Water crisis hits Linyanti constituency

25 Aug 2016 09:50am
KATIMA MULILO, 25 AUG (NAMPA) – A task team of senior headmen and community members will soon be set up to look into the severe water crisis in the Linyanti constituency.
The water crisis in the constituency in the Zambezi Region is a result of the Linyanti perennial river drying up due to poor rainfall in the region for the past four years. The river served as a water source for communities and domestic animals living along the banks and tributaries.
On Tuesday, during a community meeting at Kapani village, constituency councillor Cletius Sipapela said a task team will be set up to look into the grievances of community members from the different villages in the area.
The task team will also ask that boreholes be drilled by Government in the dry riverbeds to ensure a supply of water that is fit for human consumption, as the water currently in the riverbeds is dirty and not fit for human or domestic animal consumption.

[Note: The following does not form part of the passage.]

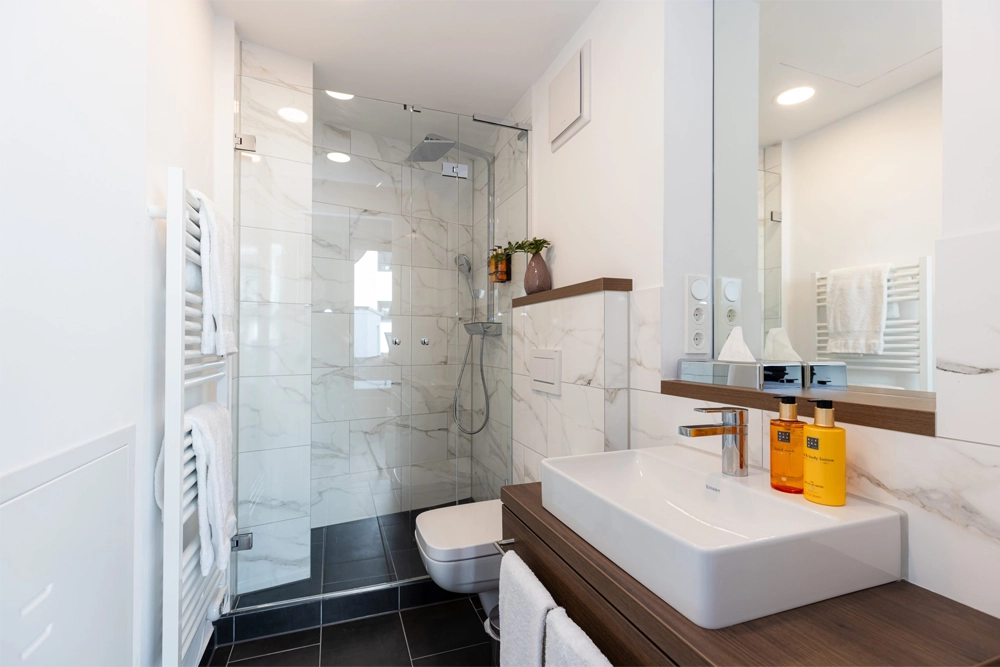 Modernes Badezimmer Studio Apartament The Doorman Göthe Frankfurt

“Our aim of meeting with the community was to see how the government can assist them. Yes, as a regional government, we have listened to their plight, and it is up to us now to say how we are to assist these people,” said Sipapela.

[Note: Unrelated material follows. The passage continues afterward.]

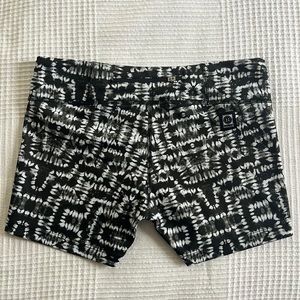 Jolyn Skyler Athletic Shorts Small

He added that the water being drawn from the old boreholes is salty, making it difficult to drink. There is thus a need for new boreholes to be drilled in the dry riverbeds.

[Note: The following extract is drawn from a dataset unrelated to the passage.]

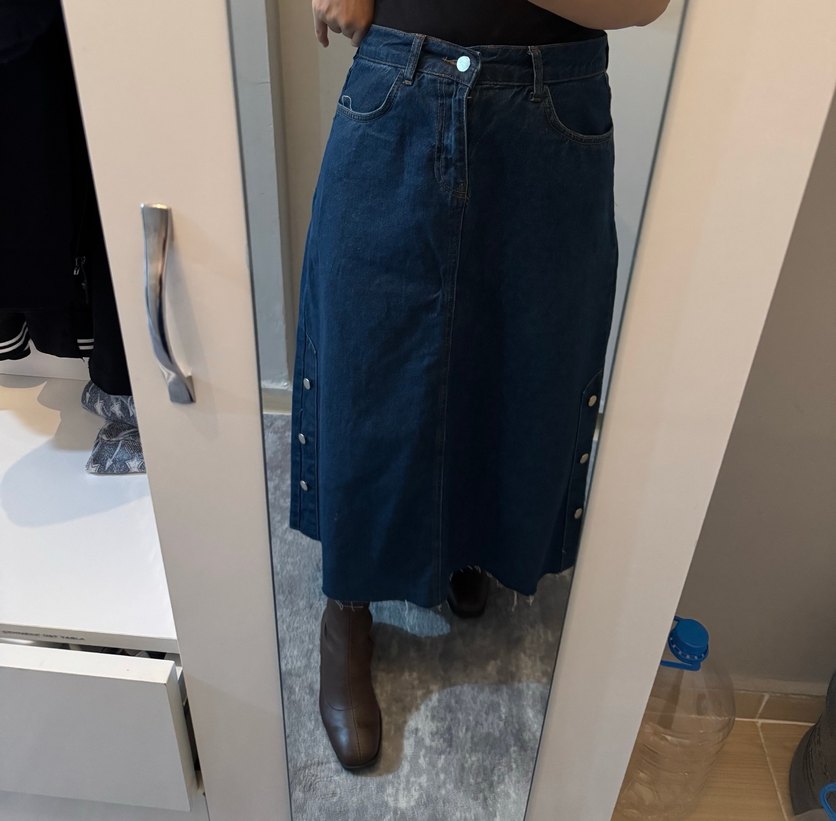 Düğmeli Lacivert Midi Kot Etek - Görsel 3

“Most of the inland communities are surviving on water drawn from boreholes for the past two financial years. The current operating old boreholes cannot yield the right quality of water as it was found to be salty and this constituency also does not have any new boreholes, hence we plead to get some soon.”
The local community’s cattle drink from a pond that contains muddy water. Wild animals from neighbouring Botswana also drink from the pond.
“The problem is so severe. The cattle are at risk of contracting foot-and-mouth disease from buffaloes and elephants from neighbouring Botswana. These wild animals roam into Namibia by crossing the dry riverbed,” Sipapela said.
James Lizazi, an aggrieved community member, called on Government to hasten assistance to Linyanti residents.
He said animals in Namibia are further suffering as there is not enough grass to graze, and as a result, some of the cattle cross over into Botswana, where they end up being detained by the Botswana Defence Force or attacked by lions.
“We need help fast. Our animals are at risk of dying due to drought and lack of water, and so are the lives of the people living in this constituency. We need Government to bring earth moving equipment to come and drill where the river was running for us to get clean water,” said Lizazi.